ABOUT THIS TASK
Everything from the line that contains "Smoked salmon sandwich close-up" to the end of the listing below, both ends included, is to be transcribed word for word, and nothing else.

EXERCISE INPUT
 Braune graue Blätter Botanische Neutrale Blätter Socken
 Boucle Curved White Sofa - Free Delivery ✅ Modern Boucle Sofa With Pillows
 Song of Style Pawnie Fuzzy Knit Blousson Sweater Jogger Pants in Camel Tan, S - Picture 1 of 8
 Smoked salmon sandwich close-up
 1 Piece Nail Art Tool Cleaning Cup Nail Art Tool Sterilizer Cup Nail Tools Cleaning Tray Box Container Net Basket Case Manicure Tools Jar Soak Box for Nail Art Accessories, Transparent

ANSWER TO THIS TASK
 Smoked salmon sandwich close-up
 1 Piece Nail Art Tool Cleaning Cup Nail Art Tool Sterilizer Cup Nail Tools Cleaning Tray Box Container Net Basket Case Manicure Tools Jar Soak Box for Nail Art Accessories, Transparent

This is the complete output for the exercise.